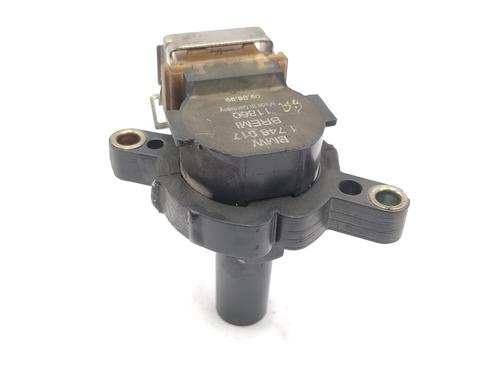 Used Ignition coil BMW 3 Coupe (E46) 318 Ci (150 hp) 22978281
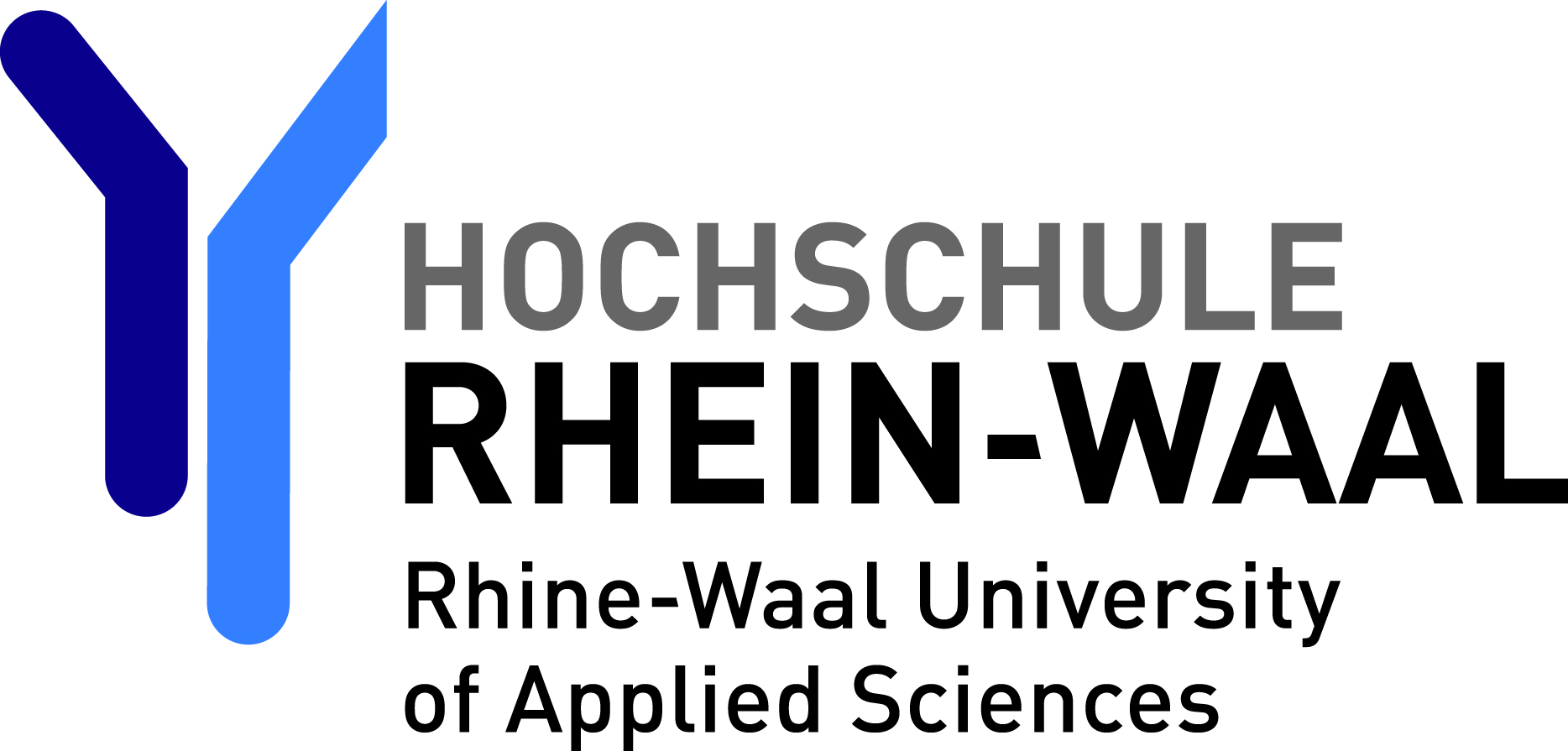 HSRW Logo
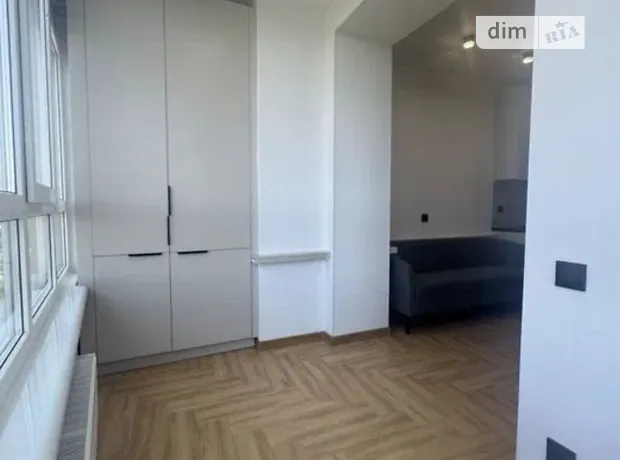 Квартира на вул. Степана Бандери в Хмельницькому, ID 226547, фото №4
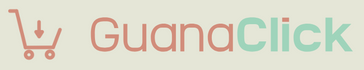 Mi tienda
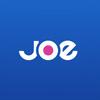 undefined JOE Top 2000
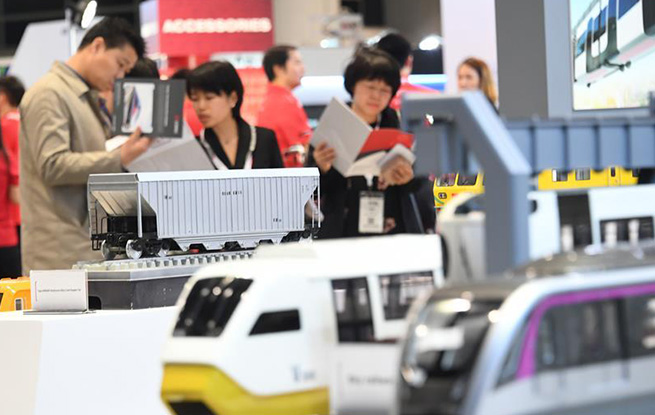 ��̫��·���2019����۾���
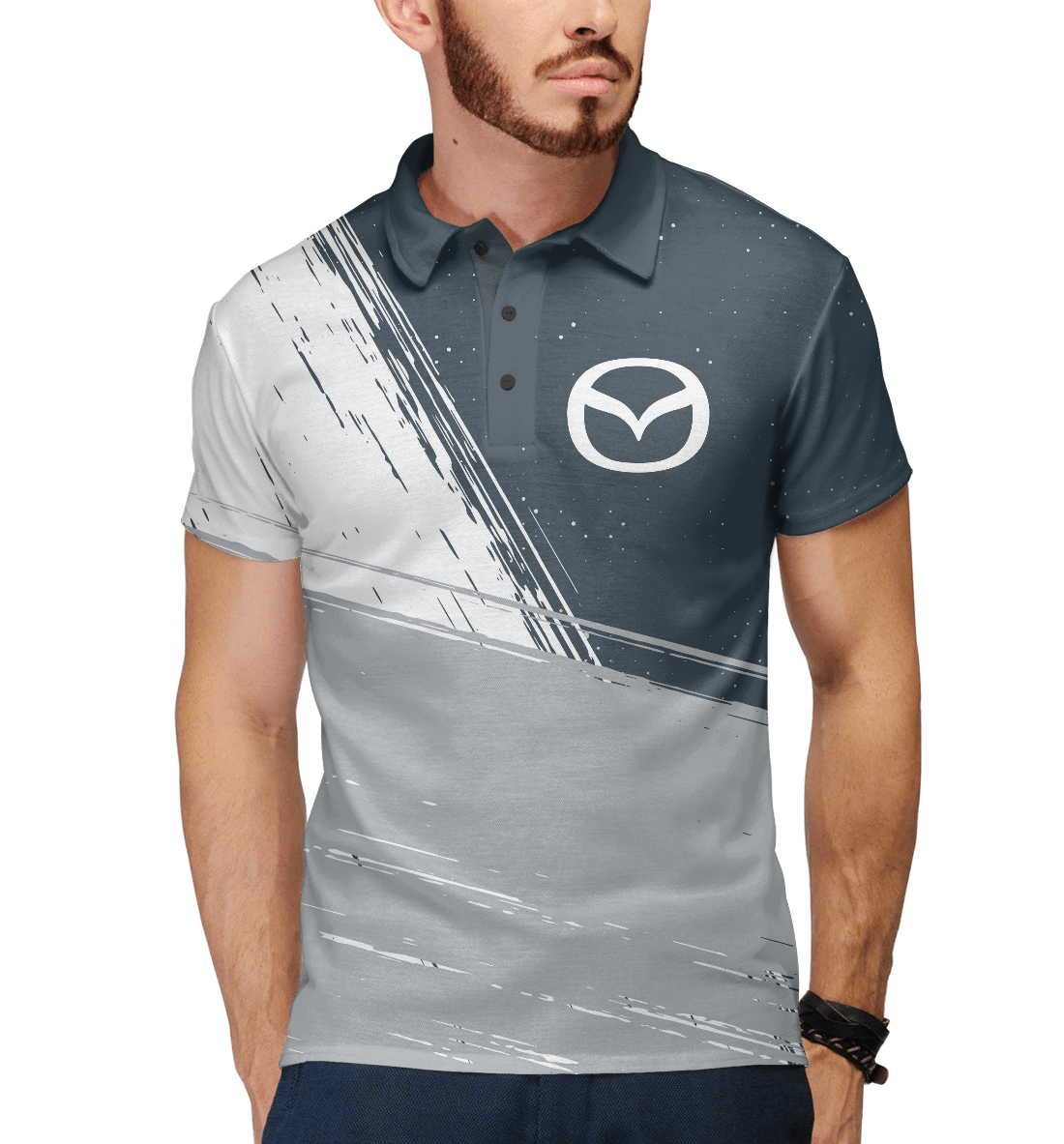 

Mazda / Мазда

GOAL OF THE EXERCISE >> Restate the material above word for word, so that nothing changes except that the pictures are gone.

SOLVED EXERCISE >>
 Used Ignition coil BMW 3 Coupe (E46) 318 Ci (150 hp) 22978281
 HSRW Logo
 Квартира на вул. Степана Бандери в Хмельницькому, ID 226547, фото №4
 Mi tienda
 undefined JOE Top 2000
 ��̫��·���2019����۾���

Mazda / Мазда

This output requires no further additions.